Anusha Ramesh Kannan

View Original

How to learn EDA using Cinderella?-Exploratory Data Analysis

Getting to the point: (In simple English, the way I wish I was taught) + Cinderella reference.

What is EDA?

Exploratory Data Analysis (EDA) — Remember, how good you are at this will make a huge difference professionally.

Exploratory Data Analysis is a method used to analyze datasets, we look for basic characteristics (refer to example) and produce an overall review by using visualization (literally what it means, visually see them using graphs, charts…).

Why EDA?

“If you torture the data long enough, it will confess.” — Ronald H. Coase

This quote is precisely why we perform EDA. When you pick a dataset, you know nothing about it…

Is it clear? free of errors?

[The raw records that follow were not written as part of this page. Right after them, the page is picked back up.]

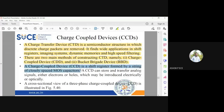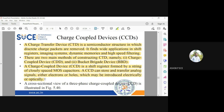A CCD is a shift register formed by a string of closely spaced MOS capacitors. Just as described, you have a series of memory locations where data moves from one place to another — the CCD constantly shifts charges between locations. It can store and transfer analog signals, either electrons or holes, which may be introduced electrically or optically to shift them from one memory unit to another.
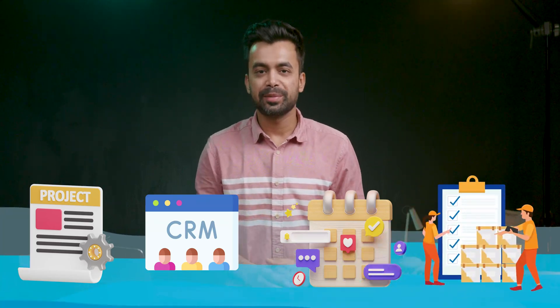What if there was an AI-powered platform for project management, CRM, content calendar, inventory management, and much more? There's one, let's check it out in this video.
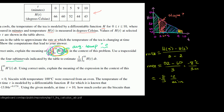The area of the first trapezoid: base is 2, left height is 66, right height is 60, average height is 63, so area is 2 × 63 = 126. For the second trapezoid: base is 3, left height is 60, right height is 52, average height is 56, so area is 3 × 56 = 168.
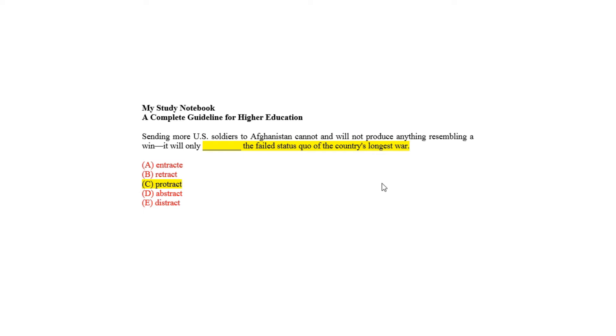Given the failed status of the country's longest war, hints that the longest war got prolonged or extended, which is meant by 'protract' as choice C, meaning elongating.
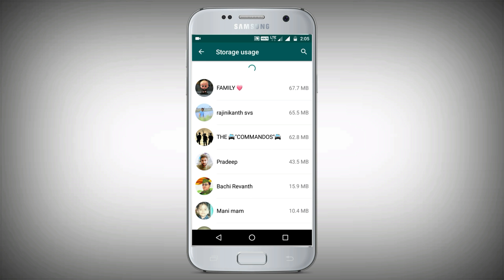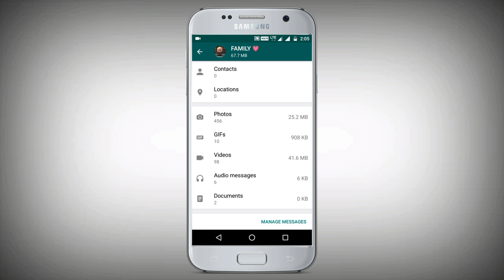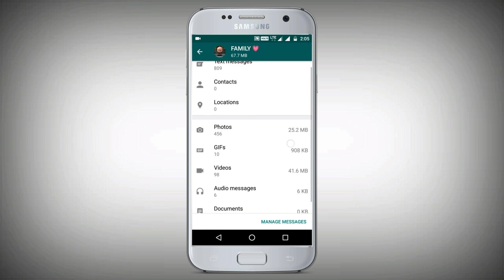For example, if you have any contacts in your family, you will be able to open it. Friends, if you have any text messages, any photos, videos, GIFs, audio clips, etc.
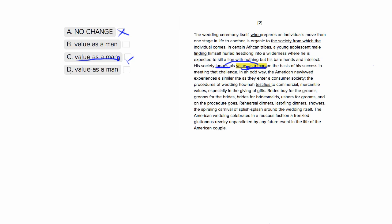Choice four is similar to choice one in that it has this hyphen here. But as we notice, we don't want to separate this 'value as a man' because that is the entire object that they're judging. So we don't want any separation here, so that's not good.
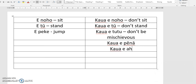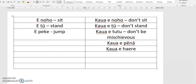'Kaua e haere' — don't go. Really, it's just any of these commands. You can go through these and make this part of your language learning exercise. Go and find some commands and just use that really simple structure — 'Kaua e' and then the command — that's how to negate that command.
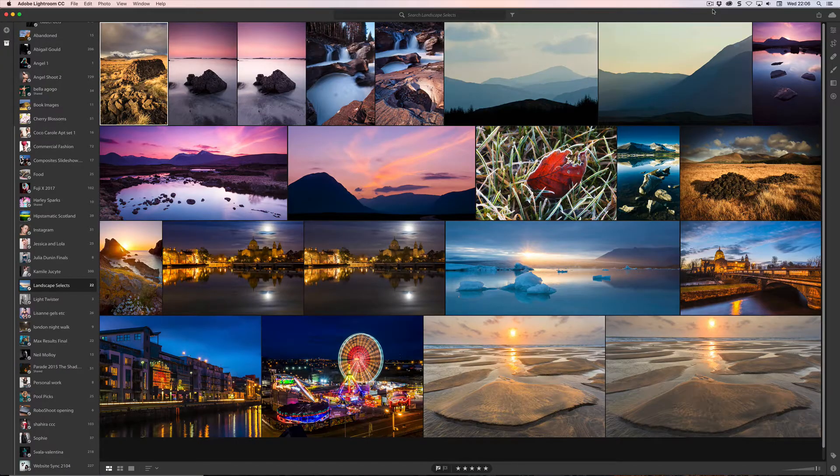Hi folks, I'm Sean McCormack and welcome to Lightroom Blog Channel. This is a very brief video and it's related to Lightroom CC, aka the new program, which I will continue to try and declassify as not being Lightroom Classic, which is now what was Lightroom CC — just to be the confusing one.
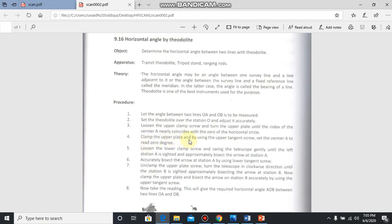Clamp the upper plate and by using the upper tangent screw, set the vernier A to read zero degree. If you want, focus station A properly and set the angle to zero.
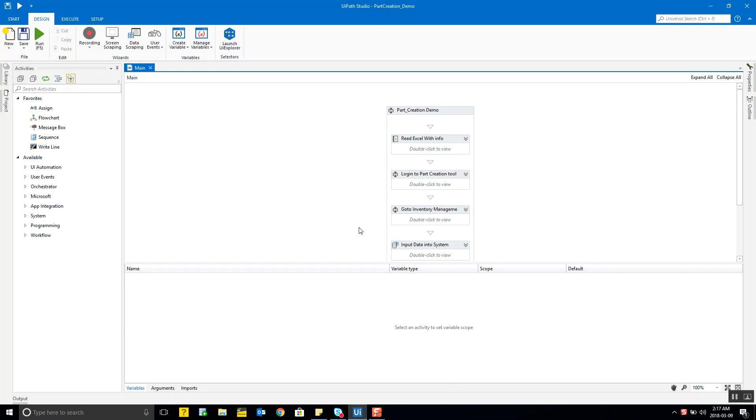First is the UiPath Studio. This is the place where we make our bot from scratch. It has activities on the left which are nothing but predefined functions that you drag and drop into your main program.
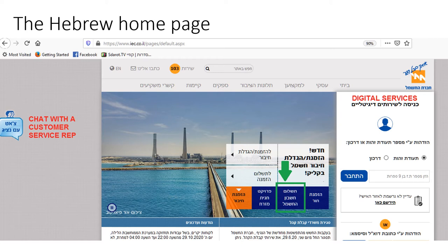The digital services menu is on the right-hand side of the web page. In the center of this web page you'll see three blue blocks and one orange block, each leading to a separate service. You need to click on the middle blue block as illustrated here — it says in Hebrew 'Tashloum Cheshbon HaHashmal.'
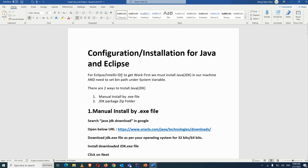For configuration and installation, you have to install the JDK in your system. JDK is used for the Java language and it has all the compiler and the runtime environment where you can run your Java code and get the output.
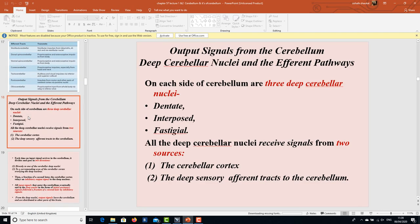Regarding output signals from the cerebellum: on each side of the cerebellum there are three deep cerebellar nuclei — the dentate nucleus, the interposed nucleus, and the vestigial nucleus. All the deep cerebellar nuclei receive signals from two sources: the cerebellar cortex, and the deep sensory afferent tracts to the cerebellum.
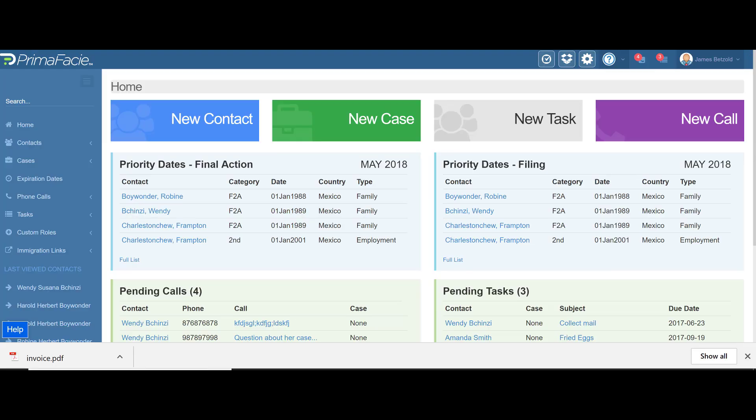Hi, my name is James and welcome to Prima Fasci. I'm going to be showing you a quick, five-minute-or-less walkthrough, so let's take a look. This is the opening screen to Prima. You'll see that we track priority dates in the system.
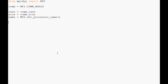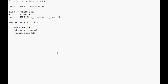Now we're going to make a message. shared equals (rank + 1) * 5 — something nice and simple. If rank equals zero, data equals shared, and then we send it: comm.send(data, dest=1). We want to send it to node 1.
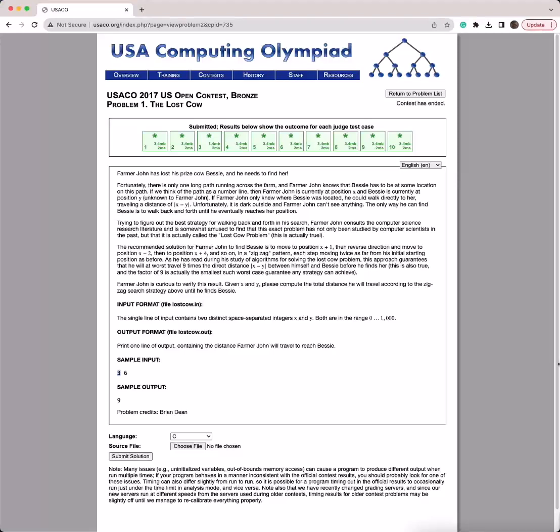Hello, today we're going to be going over the problem 'The Lost Cow' in the 2017 US Open Bronze Contest.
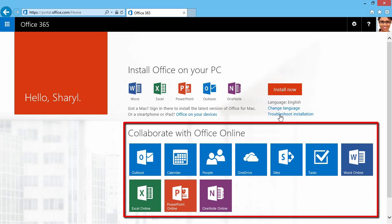On the bottom here, we have Collaborate with Office Online. We have quick and easy access to what we're used to. I can click on any of these and access those features from here.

Hopefully not, you won’t have a job if it is free of errors…*Insert laughing emoji*. EDA will help you understand your data better, allow you to find different patterns (you are a detective at this point), and we can say “Hey you, out li(a)er” (I don’t know why I do this).

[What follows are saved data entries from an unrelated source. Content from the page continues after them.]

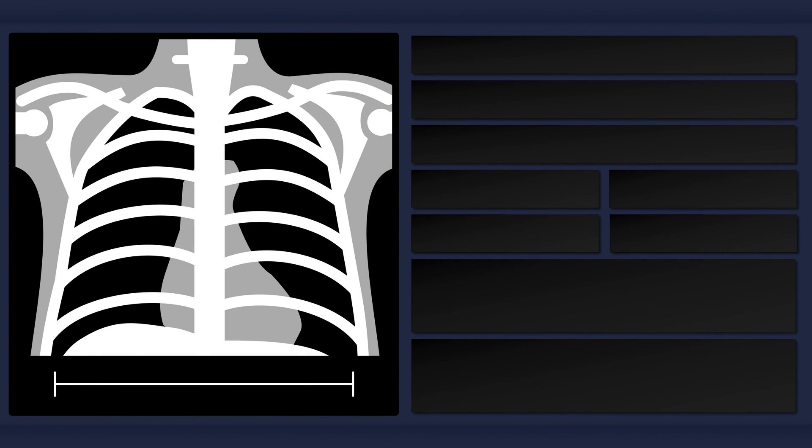Still's murmur is an innocent physiologic murmur that commonly occurs in young children. It is usually best heard at the lower left sternal border.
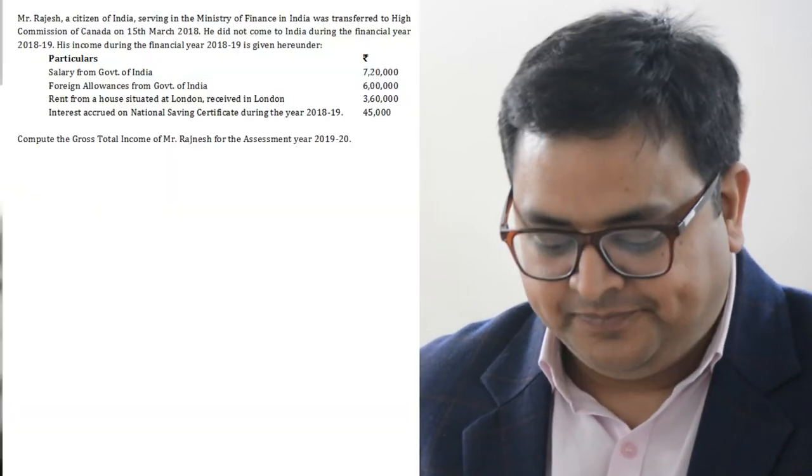Hi everyone, let's start with question number 26. Eek easy question hai, jahaan per hume eek non-resident ki income calculate karni hai. This person is an Indian citizen and he is a government employee. Toh dekhte hain ki koon-koon si income taxable hogi.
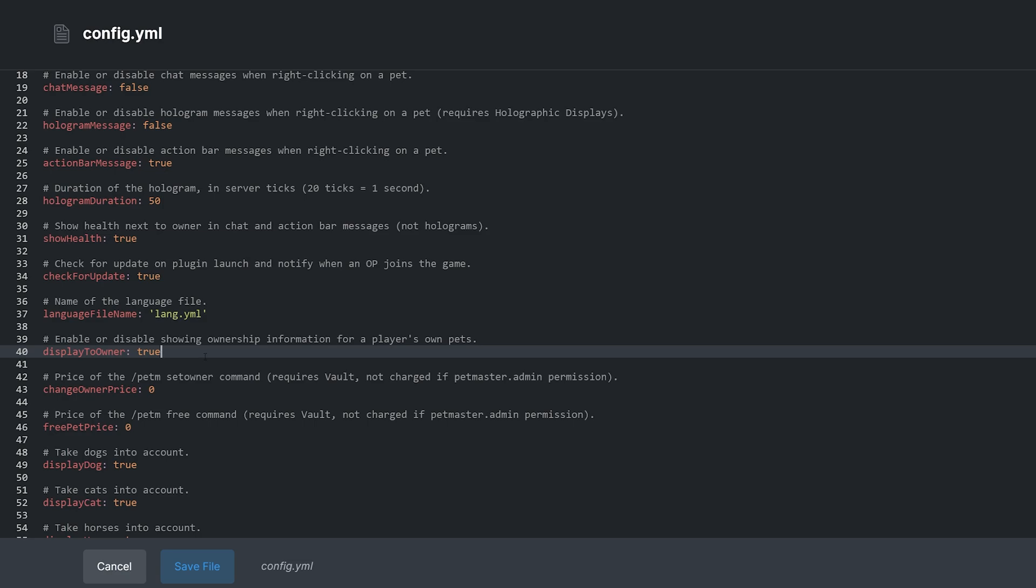By default, this plugin will only work for other players' pets. While this option is useful for players with large pet followings, it won't be useful to you while you're setting it up.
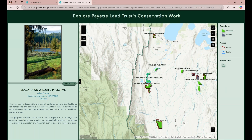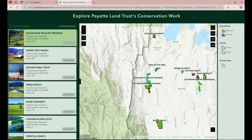The map also zoomed to that location. If I want to go back to the list, I created this button that says "back to list," but what it's really doing on the back end is going back to the first view, which is the list of properties.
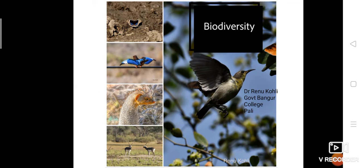Hello everyone, I am Dr. Reenu Kooli, Associate Professor in Geology at Government Bangal College, Pali. Today we will discuss about biodiversity.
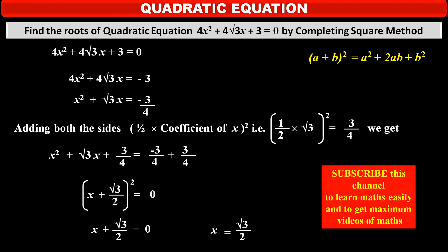Subscribe to this channel to learn maths easily and to get more videos on maths.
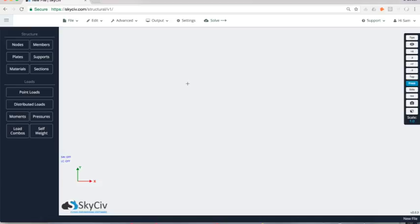Welcome everybody to another tutorial on SkyCiv. Today I'm going to take you through an example of how we can build an event rigging structure and determine what the loads are at the anchor points.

Basically, EDA is the Fairy helping Cinderella (Dataset) get to the ball (your client’s profits) without wearing the ugly ragged dress (errors, yuck).

(Skip the next part to avoid Cinderella comparisons, go to STEPS TO PERFORM, adult.)

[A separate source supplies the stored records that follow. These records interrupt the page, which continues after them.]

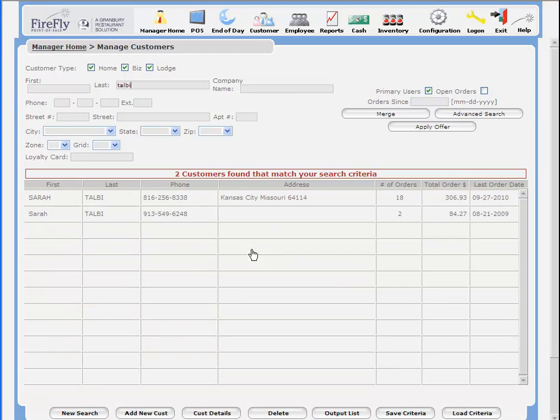In this case, we know we have two Sarah Talby's under two different phone numbers.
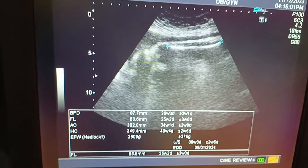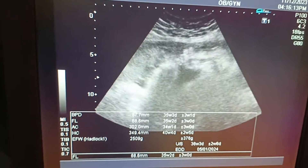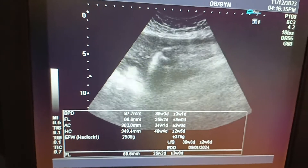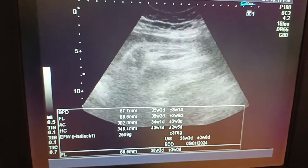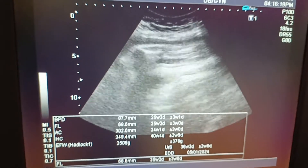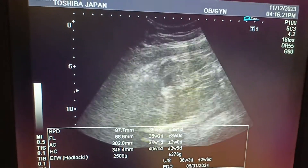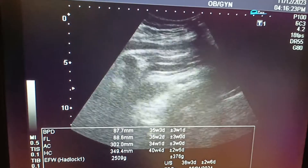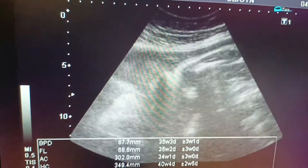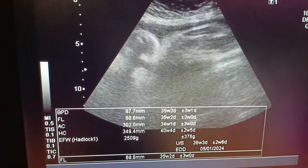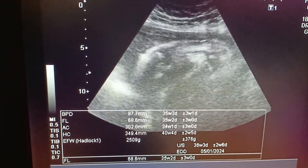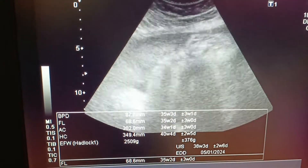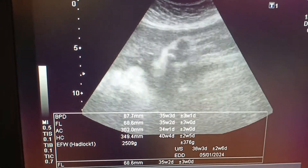The gender is male. This is a breech baby, and in a breech baby it is difficult to see the gender, but it is very clear in this case. You can appreciate that the gender is male.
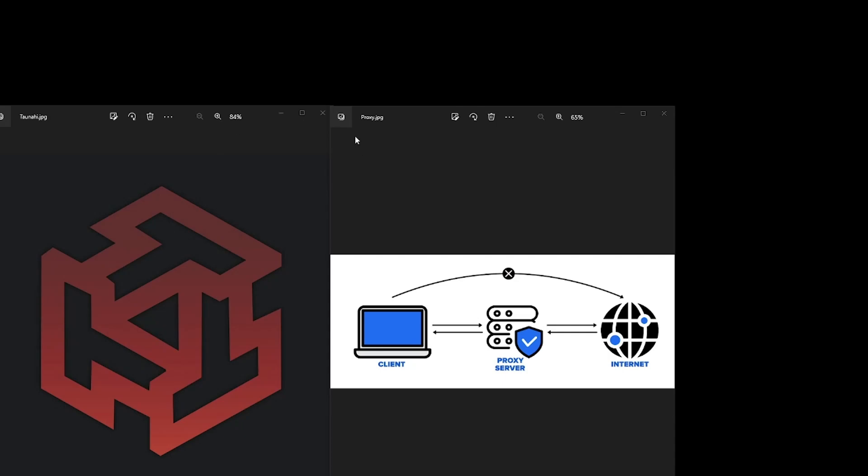Hello everyone. Today I am going to be teaching you how to purchase a proxy and apply it onto your game with Tanahi.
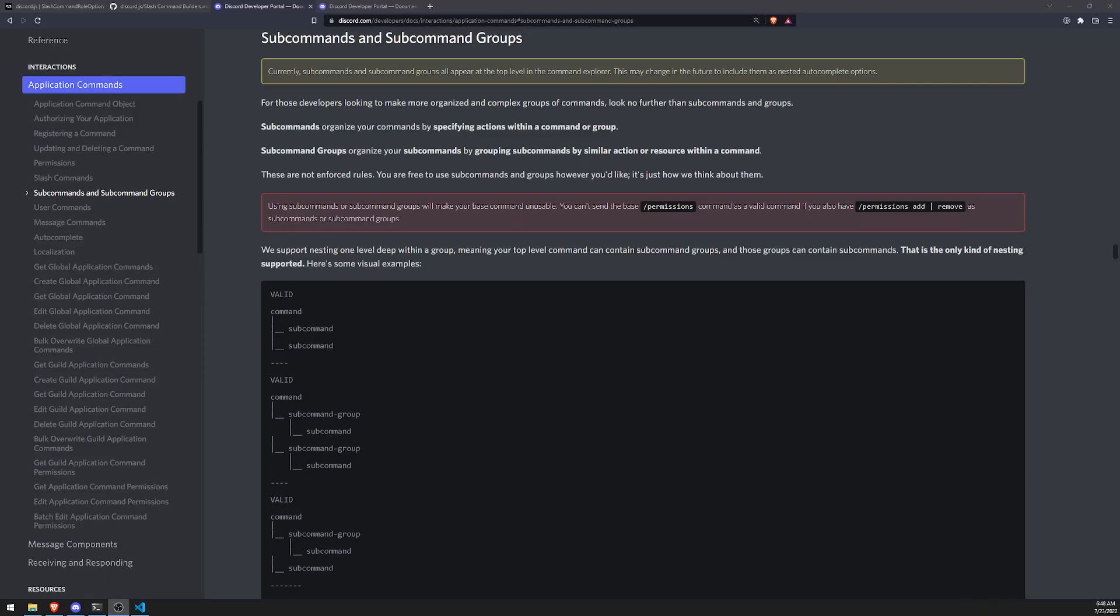Alright, so welcome back to another video. In this video I'm going to show you how we can get started with subcommands.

Let’s set goals. What are we trying to obtain out of this interesting process?

  1. The fairy takes a quick look at Cinderella to understand the problems: A quick scan of the data- how is it allocated?
  2. Fairy fixes the missing attributes- Handle the missing values (EVERY DATASET WILL HAVE THIS).
  3. Fairy notices the outdated outfit and fixes it- Handle the outliers.
  4. Fairy removes any non-branded accessories- Remove the duplicates.
  5. The fairy gives a makeover to Cinderella- Encode the categorical variables.
  6. The Glass slipper (Ironically, brings the whole outfit to a suitable look)- Normalize and Scale the data.

Steps to perform EDA. (No Cinderella comparisons here)

Step 1: -Import all necessary libraries. (Note: Some of the libraries here are used for Predictive modeling, you do not have to install everything)

The two most important ones to know: NumPy (Mathematical) and Pandas (Data Manipulation)

Step 2: Load the data set and display the rows, collect their information, size, shape…

  1. head()- Used to display the first 5 rows.
  2. tail()- Used to display the last 5 rows.
  3. shape()- Used to get the number of rows and columns.

Step 3 is otherwise called the Measures of Central Tendency — One of the most important concepts you’ll come across in Data Science/Analytics.

Step 3: Let’s get into Statistical Data. What is that? It is the Mean, Median, Mode…(Refer to the image)

I have used the describe() function and transposed it…remember 11th-grade matrices? Transpose?Yes, that concept…if you do not remember it, it’s okay… look at the image below

Here A is the actual Matrix, A’ is the Transpose Matrix.

Step 4: Data Cleaning

  1. Now, we shall see if we have any null values, by using isnull() function and getting the sum of that by using the sum() function.
  2. We are also going to find if we have any duplicate values by using the function duplicated(). To drop the duplicates, use df.drop_duplicates(inplace= True)

  • If we have null entries (here, I do not have any null values, so I am not using it- But in the real world, you can definitely expect them) use this (given below) function to drop the null values, if they exist.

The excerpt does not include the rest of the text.